Re: [this_cpu_xx V7 0/8] Per cpu atomics in core allocators andcleanup

From: Mathieu Desnoyers
Date: Thu Dec 17 2009 - 15:26:36 EST

* Christoph Lameter (cl@xxxxxxxxxxxxxxxxxxxx) wrote:
> > However, I would need:
> >
> > this_cpu_cmpxchg(scalar, oldv, newv)
> > (maps to x86 cmpxchg)
> >
> > this_cpu_add_return(scalar, value)
> > (maps to x86 xadd)
> >
> > too. Is that a planned addition ?
> It was not necessary. Its easy to add though.
> > (while we are at it, we might as will add the xchg instruction,
> > althrough it has an implied LOCK prefix on x86).
> Well yeah thats a thorny one.
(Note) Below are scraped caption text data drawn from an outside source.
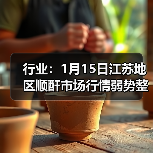行业：1月15日江苏地区顺酐市场行情弱势整理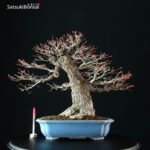 Acero Palmato Arakawa - immagine 5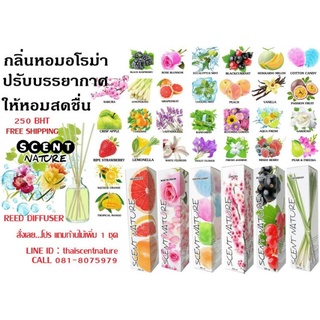 เซนต์เนเจอร์ ก้านไม้หอมอโรม่า  ขนาด 50 มิล (มีให้เลือก 12 กลิ่น)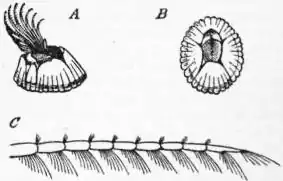 EB1911 Crustacea Fig. 9.—Balanus.jpg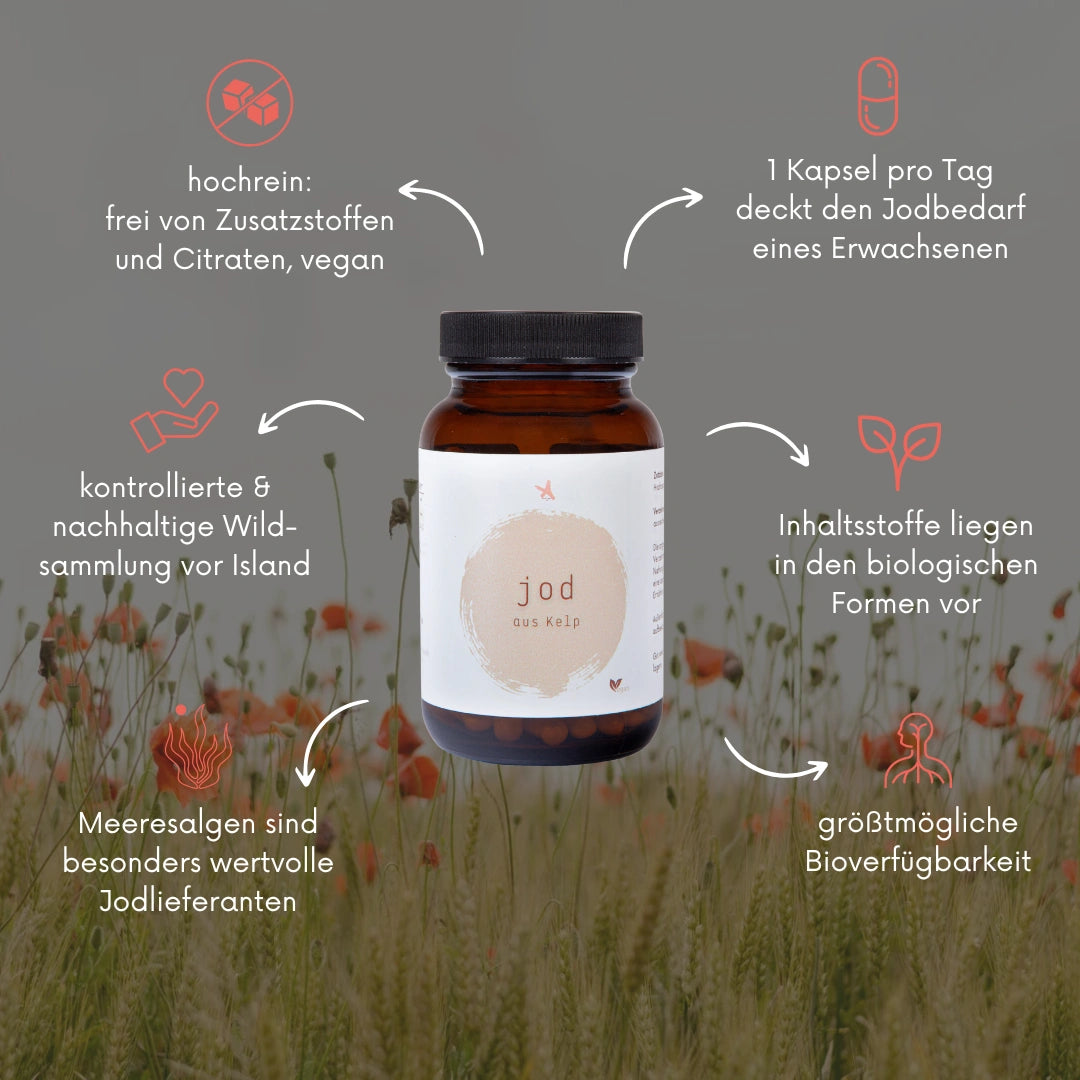 Jod aus Kelp - 120 Kapseln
One could use the cmpxchg instead?

Yes, although maybe it would make sense to encapsulate it in a xchg
primitive anyway, in case some architecture has a better xchg than x86.
For instance, powerpc, with its linked load/store conditional, can skip
a comparison for xchg that's otherwise required for cmpxchg.

Some quick test on my Intel Xeon E5405:

local cmpxchg: 14 cycles
xchg: 18 cycles

So yes, indeed, the non-LOCK prefixed local cmpxchg seems a bit faster
than the xchg, given the latter has an implied LOCK prefix.

Code used for local cmpxchg:
old = var;
do {
ret = cmpxchg_local(&var, old, 4);
if (likely(ret == old))
old = ret;
} while (1);